# O Elefante vidente

Notebook apresentado no [Floripa Tech Day 2022](https://www.floripatechday.com.br/o-evento/) com o intuito de ser um índice de informações sobre como podemos executar algoritmos de machine learning "dentro" do próprio Postgres.

## Versão: 0.9-beta

Esta versão beta foi utilziada para testar a hipótese se era possível treinar um modelo, armazená-lo e reusá-lo para previsão posterior, validando algumas referências. 
Como próximos passos os modelos serão melhorados e gráficos serão utilizados para compor a análise.

## O que veremos

* PostgreSQL
* Anaconda
* Jupyter
* VSCode
* KMeans

## Fontes: 

- https://www.postgresql.org/docs/14/plpython.html
- https://archive.ics.uci.edu/ml/index.php
- https://github.com/catherinedevlin/ipython-sql
- https://rpubs.com/HassanOUKHOUYA/K-means
- https://archive.ics.uci.edu/ml/machine-learning-databases/wine-quality/winequality-red.csv
- https://gist.githubusercontent.com/curran/a08a1080b88344b0c8a7/raw/0e7a9b0a5d22642a06d3d5b9bcbad9890c8ee534/iris.csv
- https://www.cybertec-postgresql.com/en/machine-learning-in-postgresql-part-1-kmeans-clustering/
- https://www.askpython.com/python/examples/plot-k-means-clusters-python

# Preparação do notebook

In [20]:
%load_ext sql
%sql postgresql://guedes@localhost:5435/guedes

The sql extension is already loaded. To reload it, use:
  %reload_ext sql


## Limpeza inicial

In [50]:
%%sql
drop table if exists iris;
drop table if exists wine;
drop table if exists models;
drop table if exists red_wine;
drop table if exists white_wine;
drop function if exists show_tables();
drop function if exists varios_testes();
drop function if exists show_mnist();
drop function if exists show_mnist(out text);
drop function if exists show_mnist(out double precision, out double precision);
drop function if exists get_kmeans_centroids(text, text, integer);
drop function if exists kmeans(text, text[], integer);
drop function if exists multiout_simple_setof(integer, integer, integer);
drop function if exists multiout_simple_setof(integer);
drop function if exists predict_kmeans(text, text, integer, real[]);

 * postgresql://guedes@localhost:5435/guedes
Done.
Done.
Done.
Done.
Done.
Done.
Done.
Done.
Done.
Done.


[]

# Criando funções auxiliares

### Função que testa imports e execução de consulta

In [51]:
%%sql
create or replace 
    function varios_testes()
    returns text
as $$
    import pandas as pd 
    import numpy as np
    import tensorflow as tf

    tables = plpy.execute('select schemaname, tablename, tableowner from pg_tables')

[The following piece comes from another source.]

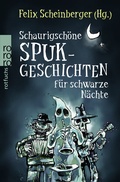 Cover: Schaurigsch&ouml;ne Spukgeschichten f&uuml;r schwarze N&auml;chte - Rowohlt Taschenbuch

    columns = list(tables[0].keys())
    df = pd.DataFrame.from_records(tables, columns=columns)
    df['table'] = df['tablename'].str.upper()

    return 'tabelas: \n{}\n----\n TF Version: {}'.format(df, tf.__version__)
$$
language plpython3u;

 * postgresql://guedes@localhost:5435/guedes
Done.


[]

In [23]:
%%sql
select varios_testes();

 * postgresql://guedes@localhost:5435/guedes
1 rows affected.


varios_testes
tabelas: schemaname ... table 0 pg_catalog ... PG_STATISTIC 1 pg_catalog ... PG_TYPE 2 pg_catalog ... PG_FOREIGN_TABLE 3 pg_catalog ... PG_AUTHID 4 pg_catalog ... PG_STATISTIC_EXT_DATA .. ... ... ... 61 pg_catalog ... PG_LARGEOBJECT 62 information_schema ... SQL_PARTS 63 information_schema ... SQL_IMPLEMENTATION_INFO 64 information_schema ... SQL_FEATURES 65 information_schema ... SQL_SIZING [66 rows x 4 columns] ----  TF Version: 2.4.1


#### Possível erro por conta da GLIBC

Se este erro ocorrer, uma atitude marota precisa ser tomada...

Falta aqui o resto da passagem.